Apropriando-se de uma música popular, Família, de Tony Bellotto e Arnaldo Antunes (do grupo Titãs), um livro de português destinado à sexta série reforça alguns estereótipos de gênero: "A mãe morre de medo de barata; o pai vive com medo de ladrão" (Sarmento, 2008-2010b:97). Na mesma publicação, o enredo das discussões envolvendo violência tem personagens masculinos, foco muito comum em outros livros também. Em um dos textos da obra, um menino é assaltado e tem seu tênis roubado pelo ladrão. É o pai quem cobra dele uma reação, mostrando claramente que o papel masculino é sempre o dominante, motivo pelo qual é preciso ser forte, agressivo, assertivo e enfrentar o perigo sem medo (Sarmento, 2008-2010b). Tais significados integram o conteúdo curricular de uma educação diferenciada e desigual para meninos e meninas, garotos e garotas, consonantes com os binômios força/fraqueza, coragem/temor, raiva/choro, etc. Qualquer desvio de conduta corre o risco de ser evidenciado e duramente criticado.

Em suma, esses significados prescrevem rígidos modelos de gênero que inspiram representações e práticas sociais polares, desiguais e excludentes. Nas palavras de Fúlvia Rosemberg (1992:176), a ideologia do amor materno, o paradigma da família nuclear e a divisão sexual do trabalho são distintas facetas de um único processo: "perpassam o todo social: orientam políticas sociais e escolares; produzem conhecimento científico; são divulgadas pela mídia, por profissionais da psicologia e ensinadas às professoras na sua própria formação" (Rosemberg,1992:176).

Mesmo em algumas das tentativas de contextualizar a família atual e explorar o potencial educativo que a mesma pode oferecer por meio da convivência, comparando-a, por exemplo, com a indígena, não se aponta para um questionamento das desigualdades de gênero e de sua cristalização – como se fosse mesmo natural que as coisas fossem assim. Em um livro de história destinado à segunda série do Ensino Fundamental (Lima, 2007b), descreve-se que o menino ganhou uma flecha e a menina, um pilão; assim, sobre uma postura que poderíamos definir como multicultural, não incide qualquer visão crítica, e nenhuma indicação nesse sentido é fornecida à professora ou professor.

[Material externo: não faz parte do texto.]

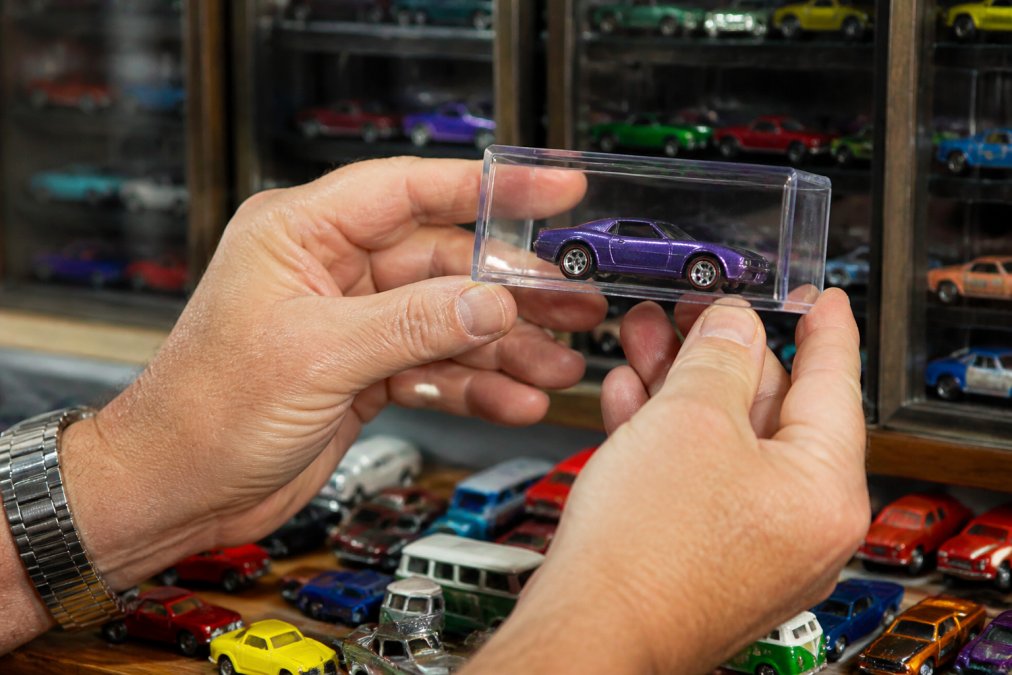 Collector holding a rare Hot Wheels car in a protective case with a display of diecast models in the background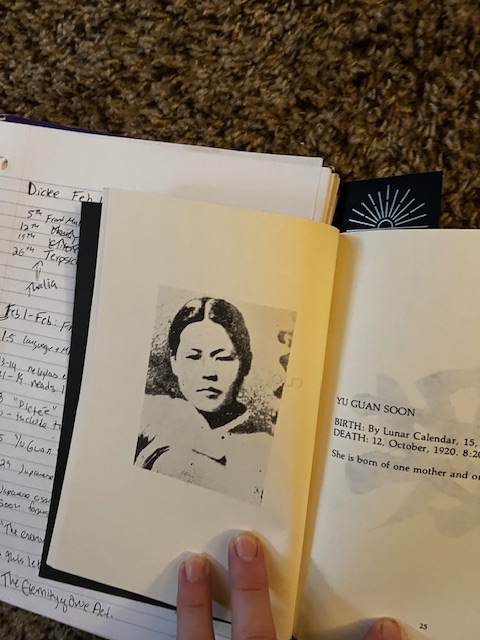 Picture of Yu Guan Soon with biographical information, in Theresa Hak Kyung Cha's book, Dictee, sitting atop notebook with reading notes. 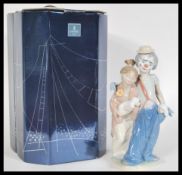 A Lladro ceramic figure depicting a clown and a boy entitled Forever Pals 07686. Complete in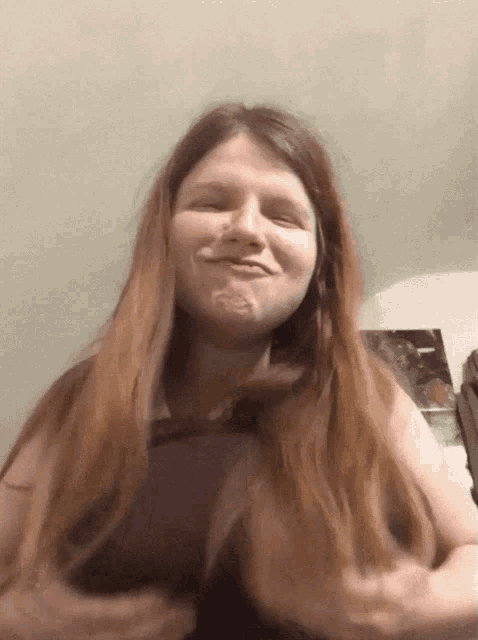 a woman with long red hair is smiling and making a funny face
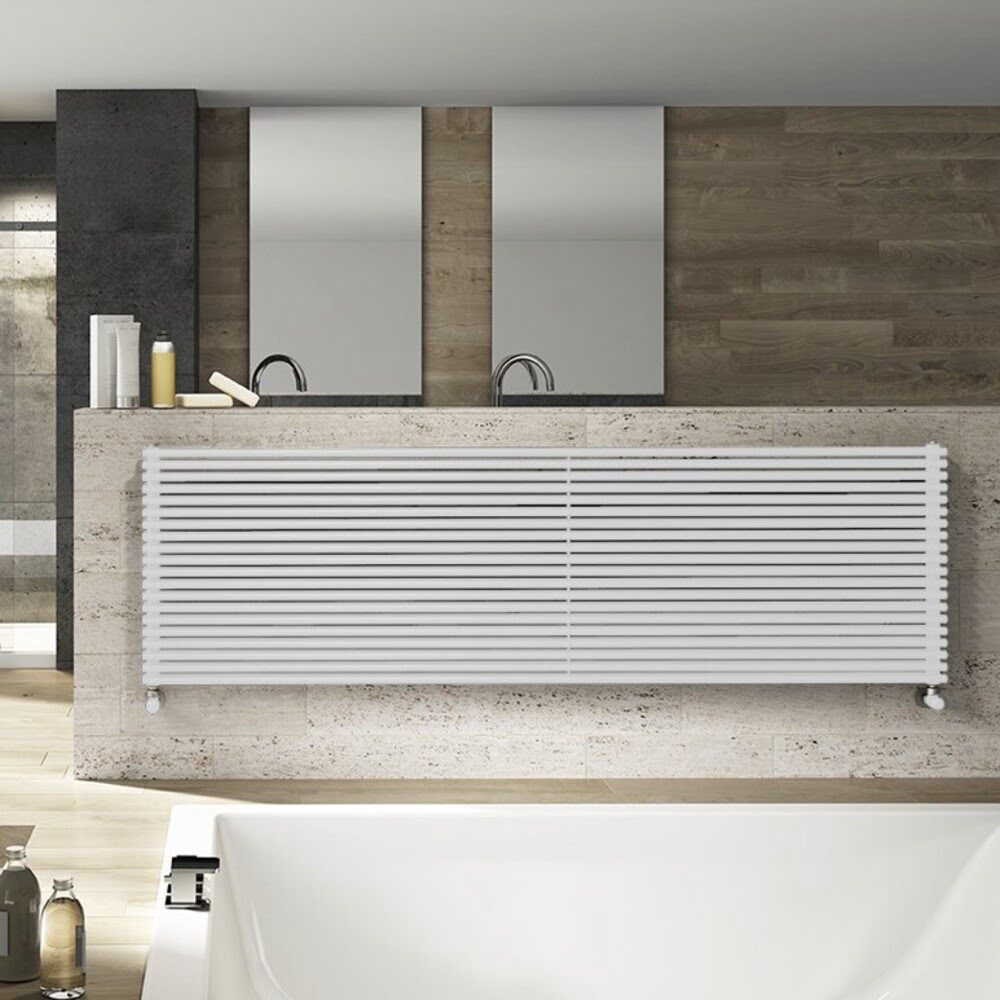 Широкий горизонтальный отопительный радиатор, подсоединенная термоголовка, трубчатый радиатор белого цвета настенный. Батарею можно установить у ванной или душевой, также может служить как полотенцесушитель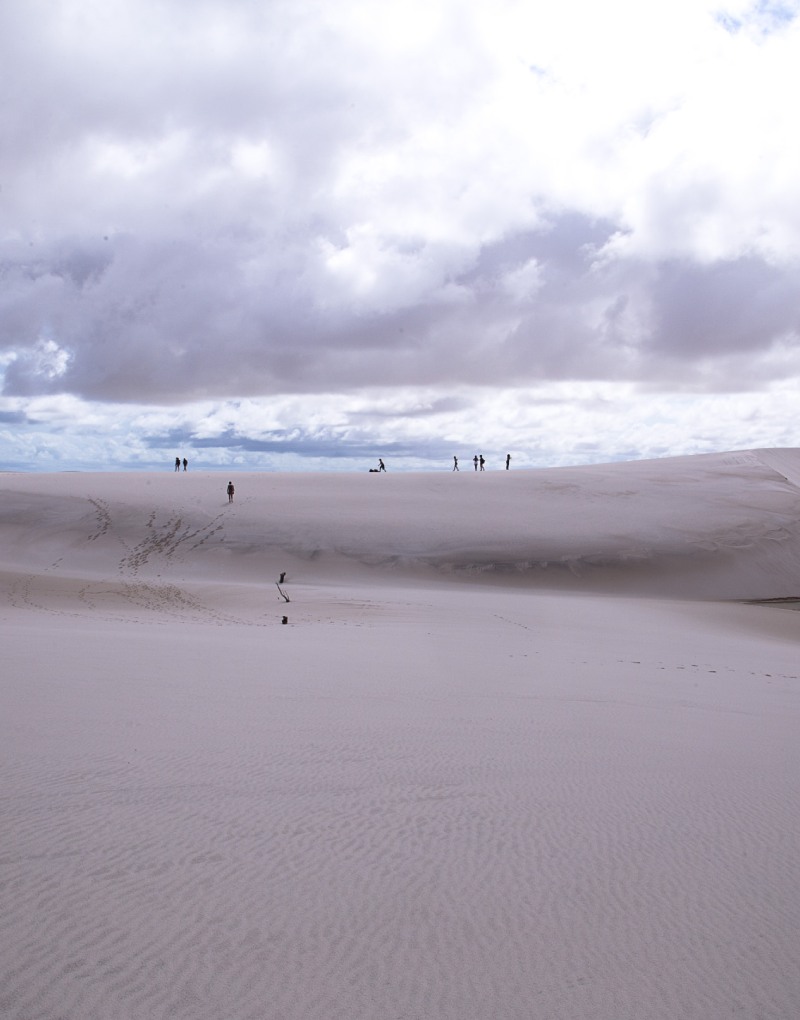 People trekking though the sand dunes in Atins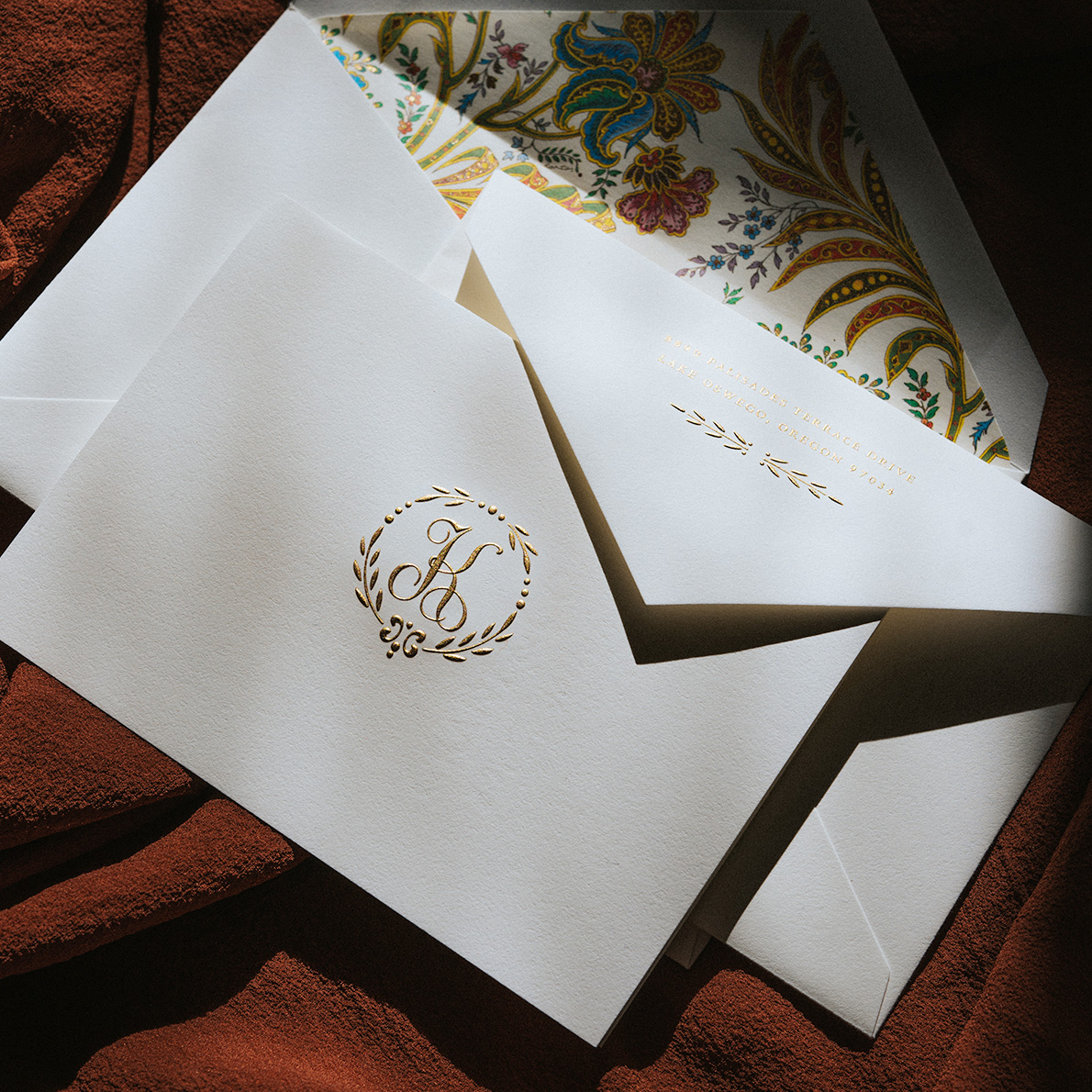A piece of monogrammed Crane stationery with a matching envelope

Assim, quando o menino indaga, "você lembra, pai, quando me ensinou pela primeira vez a utilizar o arco e flecha?" (Lima, 2007b:85), fica implícito que é com a figura masculina que se aprende a lidar com a dor física, isto é, que se dá o adestramento para a coragem. Em outras páginas do material aparecem narrativas de famílias em outros tempos históricos, seja na Grécia ou Roma Antiga, seja no período colonial brasileiro. Não se estabelecem correlações com a sociedade atual, sob a capa de uma descrição neutra. Contudo, diferenciam-se as primeiras famílias vindas ao Brasil como legítimas, ou seja, conformes ao modelo tradicional europeu, em contraposição à vida de homens amigados com índias, o que explicaria a miscigenação de nosso povo (Lima, 2007b). No máximo, o que se obtém é uma indicação da existência de diferentes costumes, mas não se chega a falar na diversidade de famílias; em outras palavras, há um claro limite no que tange à variação possível desse tema.

Em outros materiais, constatamos que a visão tradicional permanece ao se abordar a gravidez quase exclusivamente nos livros de ciências. Mesmo quando há uma busca de envolvimento dos meninos nesse assunto, ele ainda é tratado como coisa de mulher, deixando no ar a idéia de que está na maternidade a verdadeira realização feminina. Todavia, ainda que o peso da permanência seja visível e marcante no acervo de livros didáticos sob escrutínio nesta pesquisa, é preciso perceber que há um grande número de indícios que apontam para importantes alterações na maneira de conceber e apresentar o tema da família sob a ótica da diversidade sexual e das relações de gênero.

 

Sobre Mudanças

Em diversas situações captadas por esta pesquisa, as relações familiares são discutidas sob a ótica da diversidade, como quando no livro Interagindo com a história, voltado para a primeira série do Ensino Fundamental, se pede ao aluno ou aluna que "faça um desenho representando sua família e escreva o nome de cada uma das pessoas representadas" (Sourient, Rudek & Camargo, 2007:76). Nesse exemplo, percebemos que é grande o potencial para surgirem nas produções das crianças arranjos inusitados, e o próprio texto faz um alerta aos docentes: "Destaque as mudanças que acontecem hoje na formação das famílias. Elas estão sendo chamadas de "famílias mosaicos", pois apresentam diferentes composições (pai, padrasto, mãe, madrasta, filho, irmão, meio-irmão etc.)" (Sourient e cols., 2007:76).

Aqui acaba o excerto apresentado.